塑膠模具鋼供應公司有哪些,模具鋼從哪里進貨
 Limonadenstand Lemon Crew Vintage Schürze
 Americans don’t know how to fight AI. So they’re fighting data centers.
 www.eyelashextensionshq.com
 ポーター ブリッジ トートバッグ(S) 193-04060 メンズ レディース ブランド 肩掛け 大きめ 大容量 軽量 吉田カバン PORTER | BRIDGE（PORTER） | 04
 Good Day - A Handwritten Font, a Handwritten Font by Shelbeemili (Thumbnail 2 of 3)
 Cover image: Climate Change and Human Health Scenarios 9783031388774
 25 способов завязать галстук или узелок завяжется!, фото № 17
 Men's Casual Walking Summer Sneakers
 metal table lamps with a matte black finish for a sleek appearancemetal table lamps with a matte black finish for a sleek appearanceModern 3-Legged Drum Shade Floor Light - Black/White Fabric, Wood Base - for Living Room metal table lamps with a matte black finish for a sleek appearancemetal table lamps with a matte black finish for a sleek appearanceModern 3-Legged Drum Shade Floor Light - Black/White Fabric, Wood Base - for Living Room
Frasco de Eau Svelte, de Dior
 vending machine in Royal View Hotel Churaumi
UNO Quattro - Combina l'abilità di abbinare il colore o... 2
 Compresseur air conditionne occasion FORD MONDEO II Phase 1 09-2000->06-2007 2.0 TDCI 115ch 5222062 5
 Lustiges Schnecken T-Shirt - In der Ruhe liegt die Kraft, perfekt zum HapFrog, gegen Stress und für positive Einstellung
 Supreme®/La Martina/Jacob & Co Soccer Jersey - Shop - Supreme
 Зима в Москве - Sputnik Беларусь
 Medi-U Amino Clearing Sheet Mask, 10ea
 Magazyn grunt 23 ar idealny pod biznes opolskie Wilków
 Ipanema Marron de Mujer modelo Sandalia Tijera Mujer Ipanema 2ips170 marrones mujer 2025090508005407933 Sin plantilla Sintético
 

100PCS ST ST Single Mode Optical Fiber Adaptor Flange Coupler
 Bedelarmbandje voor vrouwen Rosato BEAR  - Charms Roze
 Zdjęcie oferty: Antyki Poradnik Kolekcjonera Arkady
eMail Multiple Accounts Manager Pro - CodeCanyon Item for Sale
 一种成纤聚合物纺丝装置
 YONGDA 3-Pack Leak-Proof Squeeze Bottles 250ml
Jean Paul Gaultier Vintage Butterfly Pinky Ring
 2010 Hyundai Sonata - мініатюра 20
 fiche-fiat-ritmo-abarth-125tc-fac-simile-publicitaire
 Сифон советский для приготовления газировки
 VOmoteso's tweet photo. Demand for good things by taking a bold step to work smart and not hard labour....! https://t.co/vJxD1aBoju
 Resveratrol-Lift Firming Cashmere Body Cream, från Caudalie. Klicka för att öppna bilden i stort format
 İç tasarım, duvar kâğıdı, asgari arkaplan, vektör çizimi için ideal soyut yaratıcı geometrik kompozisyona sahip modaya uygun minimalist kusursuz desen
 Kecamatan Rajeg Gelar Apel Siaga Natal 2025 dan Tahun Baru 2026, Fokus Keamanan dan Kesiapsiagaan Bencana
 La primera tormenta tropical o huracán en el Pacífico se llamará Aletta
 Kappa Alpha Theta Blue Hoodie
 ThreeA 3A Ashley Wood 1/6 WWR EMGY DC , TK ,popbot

■ **EXERCISE DESCRIPTION**
Reproduce exactly the lines from the one containing "Lustiges Schnecken T-Shirt" through the last line of the records above, including both, and nothing else.

■ **TASK RESULT**
 Lustiges Schnecken T-Shirt - In der Ruhe liegt die Kraft, perfekt zum HapFrog, gegen Stress und für positive Einstellung
 Supreme®/La Martina/Jacob & Co Soccer Jersey - Shop - Supreme
 Зима в Москве - Sputnik Беларусь
 Medi-U Amino Clearing Sheet Mask, 10ea
 Magazyn grunt 23 ar idealny pod biznes opolskie Wilków
 Ipanema Marron de Mujer modelo Sandalia Tijera Mujer Ipanema 2ips170 marrones mujer 2025090508005407933 Sin plantilla Sintético
 

100PCS ST ST Single Mode Optical Fiber Adaptor Flange Coupler
 Bedelarmbandje voor vrouwen Rosato BEAR  - Charms Roze
 Zdjęcie oferty: Antyki Poradnik Kolekcjonera Arkady
eMail Multiple Accounts Manager Pro - CodeCanyon Item for Sale
 一种成纤聚合物纺丝装置
 YONGDA 3-Pack Leak-Proof Squeeze Bottles 250ml
Jean Paul Gaultier Vintage Butterfly Pinky Ring
 2010 Hyundai Sonata - мініатюра 20
 fiche-fiat-ritmo-abarth-125tc-fac-simile-publicitaire
 Сифон советский для приготовления газировки
 VOmoteso's tweet photo. Demand for good things by taking a bold step to work smart and not hard labour....! https://t.co/vJxD1aBoju
 Resveratrol-Lift Firming Cashmere Body Cream, från Caudalie. Klicka för att öppna bilden i stort format
 İç tasarım, duvar kâğıdı, asgari arkaplan, vektör çizimi için ideal soyut yaratıcı geometrik kompozisyona sahip modaya uygun minimalist kusursuz desen
 Kecamatan Rajeg Gelar Apel Siaga Natal 2025 dan Tahun Baru 2026, Fokus Keamanan dan Kesiapsiagaan Bencana
 La primera tormenta tropical o huracán en el Pacífico se llamará Aletta
 Kappa Alpha Theta Blue Hoodie
 ThreeA 3A Ashley Wood 1/6 WWR EMGY DC , TK ,popbot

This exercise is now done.